Fig. 1: De novo identification of TSSs related to common wheat development.

a Genomic tracks illustrating the global repression of TEs by DNA methylation. Genes are marked with gray rectangles. The region in the orange dashed box is enlarged in b. b Genomic tracks illustrating a local hypo-methylated TE locus with open chromatin and active histone modifications (expanded view from Fig. 1a). c Top: average ELE-RNA expression profiles determined by the nascent RNA-sequencing analysis surrounding hypo-methylated and random TEs. FPKM, fragments per kilobase of transcript per million mapped fragments. Bottom: heatmaps of CG, CHG, and CHH DNA methylation rates around each hypo-methylated TE locus that overlaps with an ELE-RNA. d Workflow of the experimental design. e. Genomic tracks illustrating the CAGE signals in the TSSs of the genes and ELEs in four tissues. CAGE(+/−) represents the positive/negative strand for the CAGE-seq analysis. f Workflow of the genome-wide TSS annotation based on the integration of CAGE-seq, transcriptome, and epigenome data. CAGE-seq data were generated from embryo, seedling, spike and root. The CAGE-TSS is defined as a region with an enriched CAGE signal detected by CAGEr. CAGE-TSSs located at the 5′-end of annotated genes, or de novo assembled transcripts with coding potential are defined as gene TSSs, whereas intergenic noncoding CAGE-TSSs overlapped with active epigenetic markers indicative of enhancer activity, including enrichment of H3K4me3 and H3K9ac, are defined as ELE-TSSs.
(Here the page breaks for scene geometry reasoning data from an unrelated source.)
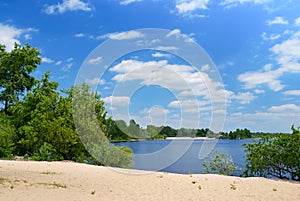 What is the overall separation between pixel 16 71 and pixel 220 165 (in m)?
19.4

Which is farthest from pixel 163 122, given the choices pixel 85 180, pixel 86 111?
pixel 86 111

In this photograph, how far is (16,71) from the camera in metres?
26.5

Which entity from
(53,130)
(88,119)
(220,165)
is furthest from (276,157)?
(53,130)

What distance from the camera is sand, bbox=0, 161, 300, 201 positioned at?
27.8 ft

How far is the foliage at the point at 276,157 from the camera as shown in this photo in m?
13.3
CAGE signals located at the 5′-end of the genes or transcripts with a relatively weak signal, but supported by epigenetic features including H3K9ac, H3K4me3, H3K36me3, RNA-sequencing and open-chromatin accessibility, are classified as low-confidence (LC) gene TSSs. g Donut plot showing the distribution of CAGE clusters in genic and intergenic regions in four tissues. h Scatter plot showing the transcription levels in intergenic regions as determined by CAGE-seq (x-axis) and total RNA-seq (y-axis) data. Each dot represents a CAGE cluster. The lines represent contours. i Heatmaps of the CAGE-TSSs surrounding the ELEs defined by the H3K4me3 and H3K9ac peaks. The heatmaps present the signal densities for CAGE-TSSs (left) and H3K4me3 or H3K9ac (right); peaks are ordered according to the increasing length of ELEs. Source data are provided as a Source Data file.